DBSTAT docs example potentially misleading
(1) By mlin (dnamlin) on 2021-06-02 13:05:24 [link] [source]
The DBSTAT docs conclude with this cool example to measure contiguity of the database file.
CREATE TEMP TABLE s(rowid INTEGER PRIMARY KEY, pageno INT); INSERT INTO s(pageno) SELECT pageno FROM dbstat ORDER BY path; SELECT sum(s1.pageno+1==s2.pageno)*1.0/count(*) FROM s AS s1, s AS s2 WHERE s1.rowid+1=s2.rowid; DROP TABLE s;
I don't think this is a good measurement if the database has multiple large btrees, because
path is not prefixed by the btree name/id. So the
s table ends up with colliding paths interleaved from different btrees, which most all then count against the contiguity, even after a fresh vacuum. The measurement as written is therefore pessimistic (possibly, extremely so).

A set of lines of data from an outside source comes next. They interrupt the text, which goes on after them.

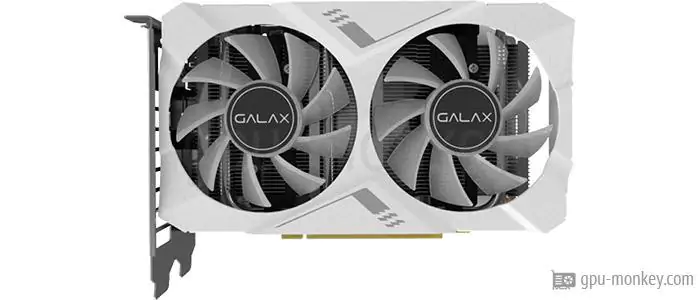 GALAX GeForce RTX 2070 White Mini (1-Click OC)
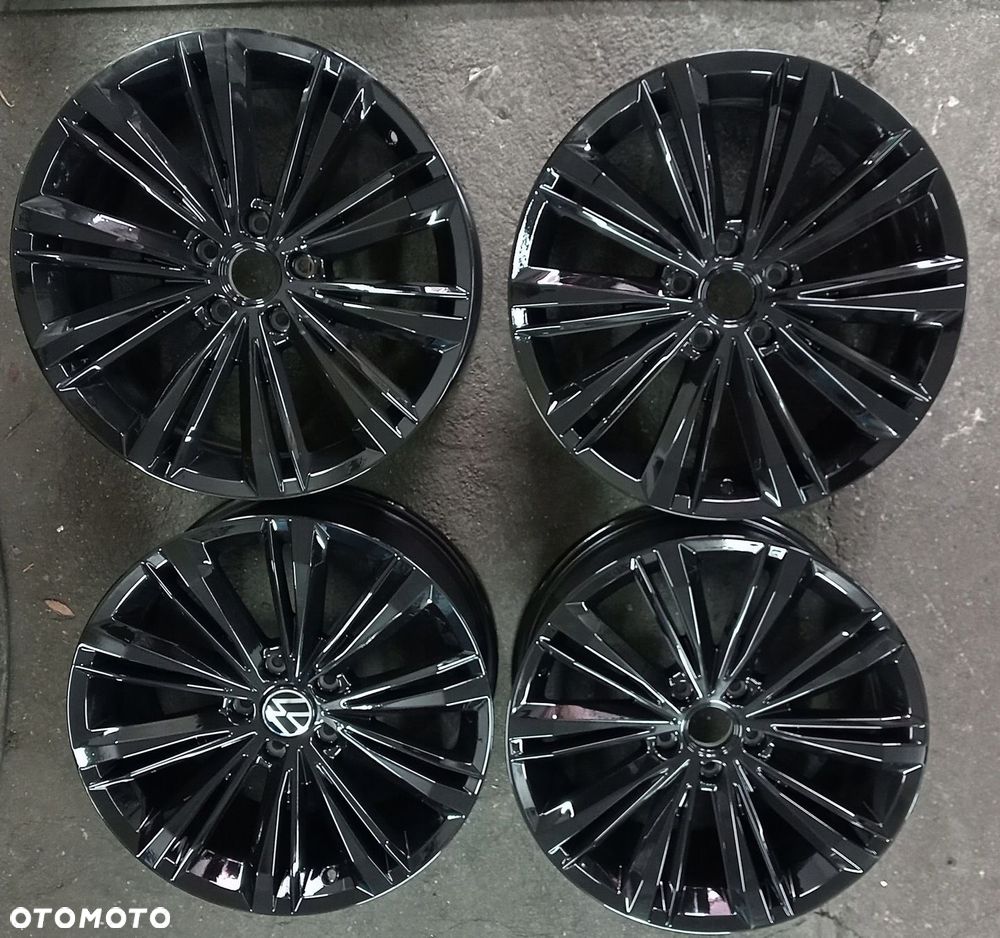 ALU FELGI 5X112 18 PASSAT B8 GOLF 3G0 VW TIGUAN - 3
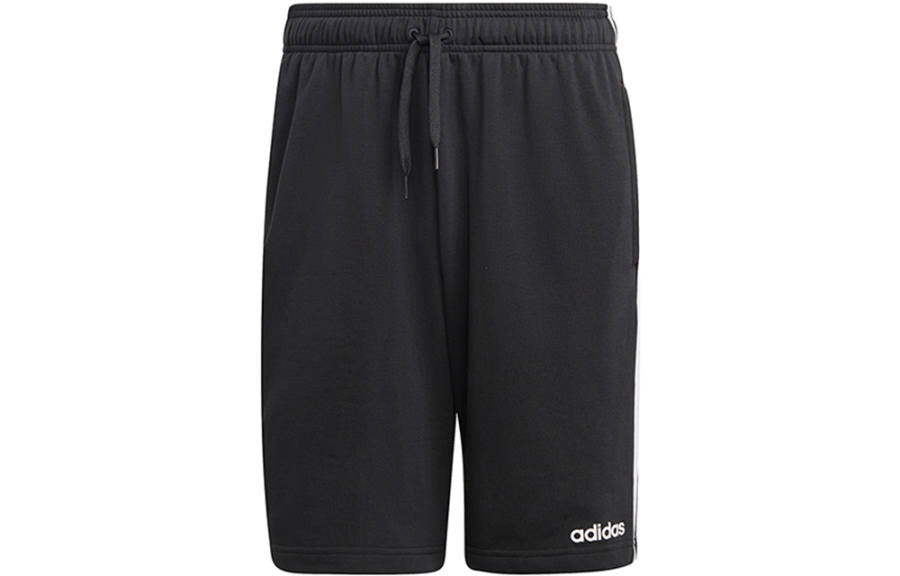 Adidas Adidas Casual Shorts Men's Black Moderate
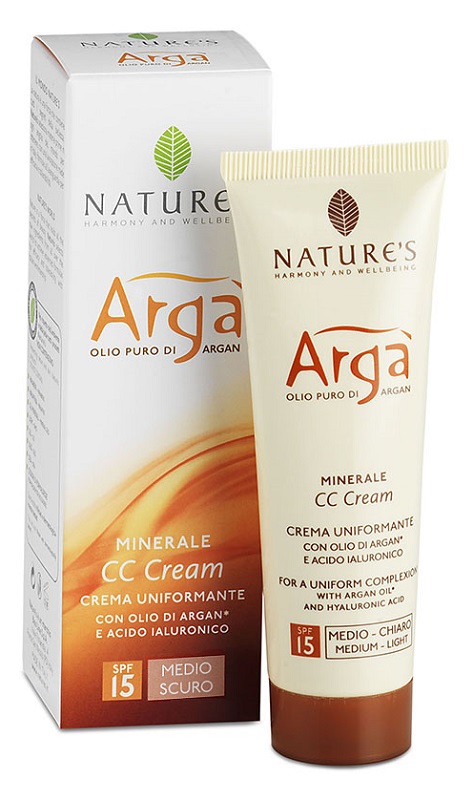 ARGA' CC CREAM VISO MEDIO SCURA 50 ML NATURE'S - doctorpill.it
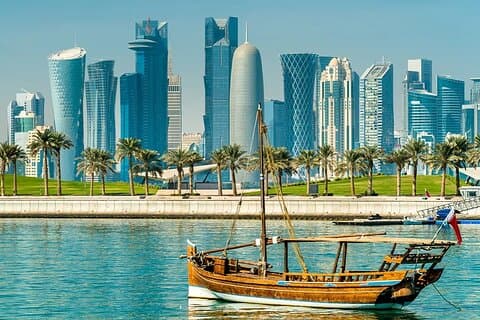 Doha Transit stadstour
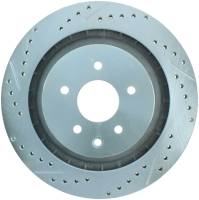 Stoptech - StopTech Select Sport Drilled and Slotted Brake Rotor Rear Right 227.42101R - Image 1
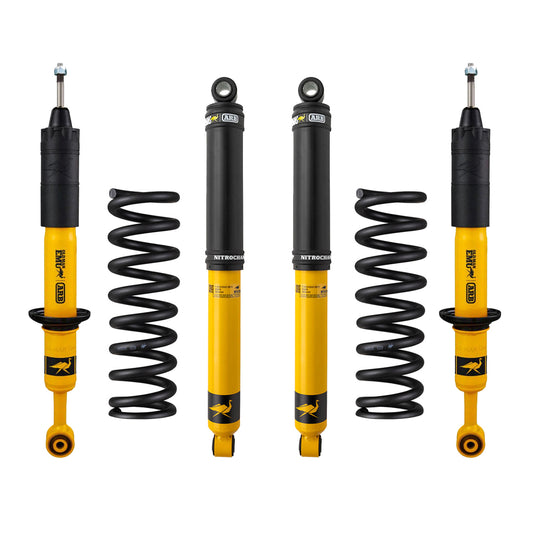 SUSPENSION KITS NITROCHARGER PLUS ( 4 AMORT. + 2 ESPIRALES )  OLD MAN EMU  CHEVROLET COLORADO / DMAX / MAXUS T60-T90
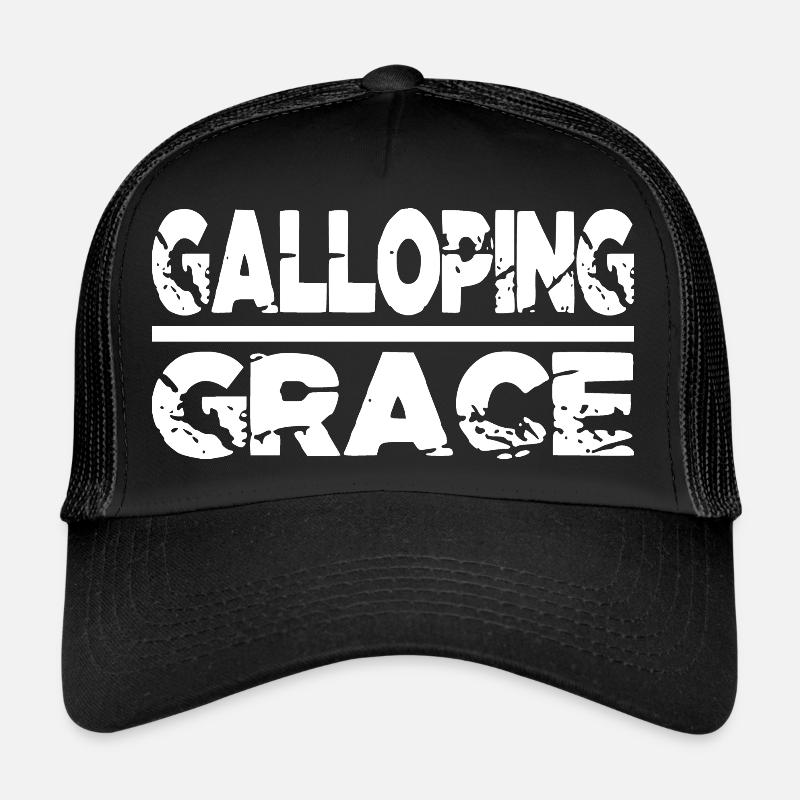 horseback riding lessons fun horse competitions Trucker Cap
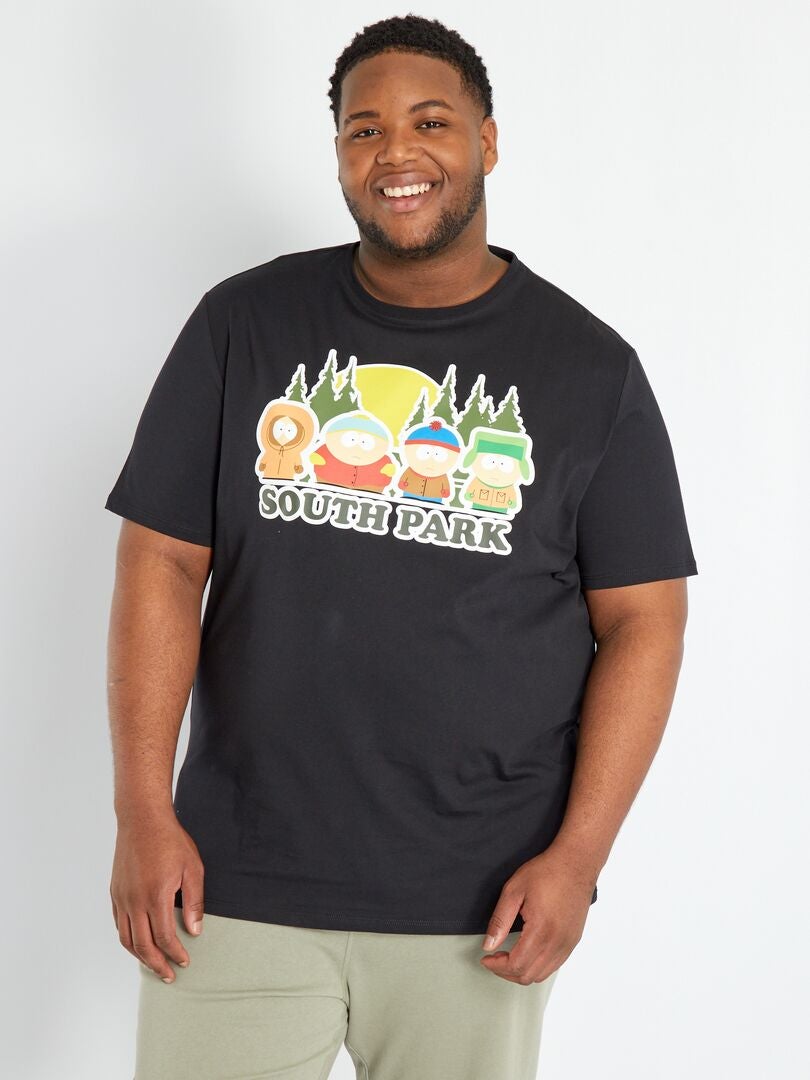 Camiseta 'South Park' negro - Kiabi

I have a big database that gets reported as only 60% contiguous by the above algorithm, but if I modify it to look at one btree at a time, actually each one is almost perfect!
(2) By mlin (dnamlin) on 2021-06-03 00:35:44 in reply to 1 [source]
tl;dr the example should say
ORDER BY name, path instead of just
ORDER BY path